Losing Kobe: Why We Experience Grief and Sadness for People We’ve Never Met
When my oldest son called to share the devastating news with us, my mind wandered to memories of Lakers games we’d taken him to in Bakersfield, L.A., and Charlotte. At the time, we were ‘Californians’ and a trip to the Staples Center was quality family weekend time. Kobe was always there. My youngest, a California baby, refused to believe the accounts of the tragedy saying, “No, I don’t want to hear that…He didn’t die…That’s not true…NO.”
We all process death differently. Grief is complicated. There’s no right or wrong way to do it. There are no perfect parameters for what length of time is acceptable. Our individual experiences, cultures, values, beliefs, and personalities intersect to produce uniquely personal reactions.

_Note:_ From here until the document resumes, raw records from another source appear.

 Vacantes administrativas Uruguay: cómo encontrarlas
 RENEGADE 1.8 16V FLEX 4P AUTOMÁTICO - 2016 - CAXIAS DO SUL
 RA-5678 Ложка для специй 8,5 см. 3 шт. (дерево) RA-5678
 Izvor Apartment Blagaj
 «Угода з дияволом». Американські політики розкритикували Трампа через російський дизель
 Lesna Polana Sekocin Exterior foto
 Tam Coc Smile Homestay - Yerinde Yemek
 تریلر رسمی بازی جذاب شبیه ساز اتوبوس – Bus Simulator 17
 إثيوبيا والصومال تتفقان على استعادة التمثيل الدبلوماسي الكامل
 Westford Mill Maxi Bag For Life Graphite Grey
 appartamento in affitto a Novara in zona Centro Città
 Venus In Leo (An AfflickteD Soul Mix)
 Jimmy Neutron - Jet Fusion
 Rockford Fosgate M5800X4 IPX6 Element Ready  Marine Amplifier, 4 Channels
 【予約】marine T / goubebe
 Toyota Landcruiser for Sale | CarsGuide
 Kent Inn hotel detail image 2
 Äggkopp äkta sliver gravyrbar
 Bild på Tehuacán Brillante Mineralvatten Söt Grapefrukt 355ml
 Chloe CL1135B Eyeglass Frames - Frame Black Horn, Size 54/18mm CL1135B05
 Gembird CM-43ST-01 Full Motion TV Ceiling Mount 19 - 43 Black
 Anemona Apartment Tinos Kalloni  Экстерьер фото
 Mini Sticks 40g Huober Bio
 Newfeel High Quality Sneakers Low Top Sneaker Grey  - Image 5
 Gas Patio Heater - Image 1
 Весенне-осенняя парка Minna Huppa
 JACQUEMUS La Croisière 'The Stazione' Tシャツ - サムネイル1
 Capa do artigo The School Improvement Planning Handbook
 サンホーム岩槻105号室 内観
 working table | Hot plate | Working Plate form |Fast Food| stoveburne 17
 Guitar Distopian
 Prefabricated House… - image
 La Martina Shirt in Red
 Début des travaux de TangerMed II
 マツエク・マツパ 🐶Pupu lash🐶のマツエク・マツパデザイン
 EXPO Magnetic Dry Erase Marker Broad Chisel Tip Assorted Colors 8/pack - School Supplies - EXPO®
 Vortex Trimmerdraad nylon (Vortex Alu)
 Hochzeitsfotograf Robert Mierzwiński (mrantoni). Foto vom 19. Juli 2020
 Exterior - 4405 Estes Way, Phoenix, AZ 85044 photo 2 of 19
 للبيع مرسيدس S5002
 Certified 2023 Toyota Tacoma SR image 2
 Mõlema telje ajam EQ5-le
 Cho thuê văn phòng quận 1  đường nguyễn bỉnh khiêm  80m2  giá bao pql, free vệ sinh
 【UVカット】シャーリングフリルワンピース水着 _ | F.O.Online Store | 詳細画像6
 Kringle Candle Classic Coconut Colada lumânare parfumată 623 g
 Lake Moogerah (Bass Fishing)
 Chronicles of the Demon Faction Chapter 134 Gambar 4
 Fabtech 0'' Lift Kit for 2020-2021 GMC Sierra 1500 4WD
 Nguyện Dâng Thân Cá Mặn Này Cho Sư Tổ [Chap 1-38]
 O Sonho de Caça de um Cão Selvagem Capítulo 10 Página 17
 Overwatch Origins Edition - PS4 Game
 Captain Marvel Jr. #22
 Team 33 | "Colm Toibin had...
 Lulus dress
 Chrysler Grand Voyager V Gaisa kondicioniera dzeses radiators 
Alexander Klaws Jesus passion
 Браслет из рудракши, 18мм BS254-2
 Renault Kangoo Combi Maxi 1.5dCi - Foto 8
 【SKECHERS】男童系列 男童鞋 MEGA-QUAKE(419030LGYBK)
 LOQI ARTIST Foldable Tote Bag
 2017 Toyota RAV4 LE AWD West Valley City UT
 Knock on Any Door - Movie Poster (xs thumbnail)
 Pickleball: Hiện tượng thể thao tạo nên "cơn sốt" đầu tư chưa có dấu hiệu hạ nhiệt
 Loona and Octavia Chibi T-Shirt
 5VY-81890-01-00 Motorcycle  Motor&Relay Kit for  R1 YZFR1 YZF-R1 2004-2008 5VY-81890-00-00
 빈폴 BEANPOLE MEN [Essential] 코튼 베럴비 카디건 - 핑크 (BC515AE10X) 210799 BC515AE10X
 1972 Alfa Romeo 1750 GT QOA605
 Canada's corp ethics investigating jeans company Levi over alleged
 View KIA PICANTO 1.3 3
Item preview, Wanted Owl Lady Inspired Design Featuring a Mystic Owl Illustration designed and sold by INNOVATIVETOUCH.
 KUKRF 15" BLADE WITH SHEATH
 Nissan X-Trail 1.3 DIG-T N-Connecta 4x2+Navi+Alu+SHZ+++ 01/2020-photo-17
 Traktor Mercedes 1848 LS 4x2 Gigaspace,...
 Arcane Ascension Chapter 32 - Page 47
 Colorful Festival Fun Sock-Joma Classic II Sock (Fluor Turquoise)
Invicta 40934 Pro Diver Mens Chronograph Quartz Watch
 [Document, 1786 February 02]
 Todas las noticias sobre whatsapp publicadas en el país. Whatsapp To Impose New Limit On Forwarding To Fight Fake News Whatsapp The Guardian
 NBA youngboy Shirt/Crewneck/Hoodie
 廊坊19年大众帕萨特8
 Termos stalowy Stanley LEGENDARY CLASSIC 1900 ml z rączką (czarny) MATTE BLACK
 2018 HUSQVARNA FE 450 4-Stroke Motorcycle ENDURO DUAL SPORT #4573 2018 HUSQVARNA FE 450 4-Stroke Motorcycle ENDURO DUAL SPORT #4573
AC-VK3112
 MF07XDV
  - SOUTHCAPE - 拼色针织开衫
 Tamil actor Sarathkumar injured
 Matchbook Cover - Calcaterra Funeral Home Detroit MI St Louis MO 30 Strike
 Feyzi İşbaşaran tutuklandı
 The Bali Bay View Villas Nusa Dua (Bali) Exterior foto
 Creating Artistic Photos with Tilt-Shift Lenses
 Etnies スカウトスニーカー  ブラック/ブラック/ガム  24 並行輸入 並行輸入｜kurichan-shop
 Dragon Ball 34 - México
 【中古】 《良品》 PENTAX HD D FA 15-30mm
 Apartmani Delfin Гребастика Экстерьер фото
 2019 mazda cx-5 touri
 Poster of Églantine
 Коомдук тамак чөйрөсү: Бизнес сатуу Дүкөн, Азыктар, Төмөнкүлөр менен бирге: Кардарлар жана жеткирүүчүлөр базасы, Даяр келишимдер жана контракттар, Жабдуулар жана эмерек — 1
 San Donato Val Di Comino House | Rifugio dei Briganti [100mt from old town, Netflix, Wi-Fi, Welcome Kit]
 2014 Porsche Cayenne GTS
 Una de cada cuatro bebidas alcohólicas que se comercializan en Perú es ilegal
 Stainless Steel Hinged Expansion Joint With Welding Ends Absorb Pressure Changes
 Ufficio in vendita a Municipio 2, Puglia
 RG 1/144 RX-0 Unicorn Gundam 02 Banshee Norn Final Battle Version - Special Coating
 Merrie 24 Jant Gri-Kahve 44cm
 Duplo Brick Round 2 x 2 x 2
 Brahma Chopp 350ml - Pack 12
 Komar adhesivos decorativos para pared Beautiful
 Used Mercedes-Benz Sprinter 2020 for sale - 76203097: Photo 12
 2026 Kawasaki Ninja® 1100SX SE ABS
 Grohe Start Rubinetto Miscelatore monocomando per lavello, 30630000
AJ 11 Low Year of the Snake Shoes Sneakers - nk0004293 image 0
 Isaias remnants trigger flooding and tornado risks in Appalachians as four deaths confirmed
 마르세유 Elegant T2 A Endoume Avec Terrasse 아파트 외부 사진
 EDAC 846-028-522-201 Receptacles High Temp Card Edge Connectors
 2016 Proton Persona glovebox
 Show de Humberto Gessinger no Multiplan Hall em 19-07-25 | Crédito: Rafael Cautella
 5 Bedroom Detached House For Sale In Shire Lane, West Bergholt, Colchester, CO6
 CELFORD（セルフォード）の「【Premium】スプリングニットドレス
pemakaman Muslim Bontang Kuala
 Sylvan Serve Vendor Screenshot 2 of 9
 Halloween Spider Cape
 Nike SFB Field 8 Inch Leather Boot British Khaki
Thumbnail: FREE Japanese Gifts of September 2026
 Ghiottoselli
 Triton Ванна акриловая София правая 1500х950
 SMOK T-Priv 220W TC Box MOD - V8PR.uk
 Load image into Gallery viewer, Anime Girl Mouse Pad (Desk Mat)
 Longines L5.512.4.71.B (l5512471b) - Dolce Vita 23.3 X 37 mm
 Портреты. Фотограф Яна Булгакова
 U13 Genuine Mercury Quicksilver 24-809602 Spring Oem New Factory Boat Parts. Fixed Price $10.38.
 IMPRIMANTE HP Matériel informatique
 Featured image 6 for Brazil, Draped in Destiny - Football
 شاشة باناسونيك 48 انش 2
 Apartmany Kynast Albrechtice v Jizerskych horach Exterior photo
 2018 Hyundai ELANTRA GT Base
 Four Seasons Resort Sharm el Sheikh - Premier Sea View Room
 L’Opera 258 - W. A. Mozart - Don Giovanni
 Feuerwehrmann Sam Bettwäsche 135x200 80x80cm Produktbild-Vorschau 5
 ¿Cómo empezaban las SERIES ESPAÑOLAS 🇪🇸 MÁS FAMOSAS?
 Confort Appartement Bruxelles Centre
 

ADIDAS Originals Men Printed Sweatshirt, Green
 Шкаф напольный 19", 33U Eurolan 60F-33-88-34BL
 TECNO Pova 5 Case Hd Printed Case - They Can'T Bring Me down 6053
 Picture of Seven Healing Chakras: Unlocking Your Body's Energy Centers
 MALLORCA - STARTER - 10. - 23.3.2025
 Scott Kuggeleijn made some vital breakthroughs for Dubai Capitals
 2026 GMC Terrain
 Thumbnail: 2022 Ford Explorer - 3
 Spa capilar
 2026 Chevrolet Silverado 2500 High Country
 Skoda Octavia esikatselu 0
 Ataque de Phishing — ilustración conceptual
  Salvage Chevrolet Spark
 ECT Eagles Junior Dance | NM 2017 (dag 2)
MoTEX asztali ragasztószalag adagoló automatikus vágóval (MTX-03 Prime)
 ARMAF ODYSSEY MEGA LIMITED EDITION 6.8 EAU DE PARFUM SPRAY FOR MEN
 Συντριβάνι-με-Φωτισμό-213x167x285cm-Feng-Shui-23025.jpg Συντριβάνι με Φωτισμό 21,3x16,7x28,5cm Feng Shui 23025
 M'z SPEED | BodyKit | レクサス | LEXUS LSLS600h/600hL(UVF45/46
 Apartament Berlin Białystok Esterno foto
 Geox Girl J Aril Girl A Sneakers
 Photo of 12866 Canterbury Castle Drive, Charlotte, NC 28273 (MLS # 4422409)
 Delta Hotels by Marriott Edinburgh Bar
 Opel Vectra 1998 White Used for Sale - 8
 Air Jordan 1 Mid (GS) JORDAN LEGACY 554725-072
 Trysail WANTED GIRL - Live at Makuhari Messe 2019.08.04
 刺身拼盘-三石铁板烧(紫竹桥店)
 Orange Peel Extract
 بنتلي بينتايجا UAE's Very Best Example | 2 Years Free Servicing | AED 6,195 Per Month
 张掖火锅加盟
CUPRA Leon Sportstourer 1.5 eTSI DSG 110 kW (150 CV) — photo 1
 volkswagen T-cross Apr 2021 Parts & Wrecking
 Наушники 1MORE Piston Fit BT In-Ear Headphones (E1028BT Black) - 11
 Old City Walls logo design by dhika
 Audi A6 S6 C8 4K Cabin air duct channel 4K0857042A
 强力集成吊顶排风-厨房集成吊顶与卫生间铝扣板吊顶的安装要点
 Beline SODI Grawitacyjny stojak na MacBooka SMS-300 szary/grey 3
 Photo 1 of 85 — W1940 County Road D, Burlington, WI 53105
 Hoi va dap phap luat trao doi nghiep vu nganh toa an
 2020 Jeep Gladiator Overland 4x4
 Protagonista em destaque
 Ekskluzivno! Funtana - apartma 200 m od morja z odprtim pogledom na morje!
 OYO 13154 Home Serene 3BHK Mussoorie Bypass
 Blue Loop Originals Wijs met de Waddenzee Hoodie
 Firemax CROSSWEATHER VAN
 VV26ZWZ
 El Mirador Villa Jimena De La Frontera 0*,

Ironically, I had posted a meme in my stories about how it was a ‘blessing to come home at the end of the day’, while waiting to pick up my husband from the airport that same day. As I processed this event, I couldn’t fathom what I would feel as a wife and mother in this situation. I was reminded of other legends we’d grieved and the concept of parasocial relationships that I’d taught about in my Psychology and the Movies course. I felt a need to create awareness for those who were grieving but may not have understood “WHY” the loss had such an impact.
So I shared the following on social to bridge the gap:
“We spend so much time following icons on their journeys, and appreciating the meaning/value they add to our lives, that we feel as if ‘we know them’. The emotional connectedness we have to public figures we’ve never met is called a “parasocial relationship.” Loss of any kind is hard. And although the psychological effects can be the same, there are no social supports for “parasocial grieving.” In fact, we can be met with ridicule for ‘feeling something for someone we don’t even know’. If you find yourself experiencing this type of grief, just know:⠀⠀
- You’re not delusional – focus on the meaning that this person brought to your life and decide how and with whom you want to honor that.⠀⠀⠀⠀
- This loss may trigger emotions related to other losses of close family members and friends.⠀⠀⠀⠀⠀⠀⠀
- When to disconnect from media coverage. Allowing the same information to play on a constant loop can be retraumatizing and increase distress.
- You have permission to take the time and space to grieve in the way that works for you. No one should ever tell you HOW or HOW LONG to GRIEVE…we all do it differently.
- It’s okay to reach out to someone who will listen or a qualified mental health professional if it gets to be too much to deal with on your own..
My intention to validate and offer practical tips was met with an overwhelmingly collective sigh. People sent direct messages, left comments, asked questions, tagged friends, and shared memories. The naysayers were drowned out by those who expressed their appreciation for being able to give “voice” to the emotions that they were not able or were too afraid to talk about.
While it’s perfectly acceptable not to understand WHY others grieve the way that they do, it is utterly unacceptable to judge HOW someone grieves or “remembers” the person they’ve lost – even from a parasocial relationship. Unfortunately, we often see this behavior in those who are uncomfortable with having to deal with their own emotions, and subsequently validate ours.
The ongoing dialogue is a reminder that we have to do a better job of giving ourselves permission to “feel.” Being vulnerable allows us the opportunity to be seen, get help, learn, and build genuinely strong relationships that will support us in times of crisis. Let’s be intentional about taking up safe space to “feel,” keeping this conversation going, supporting each other, appreciating each other, and normalizing a healthy expression of emotion.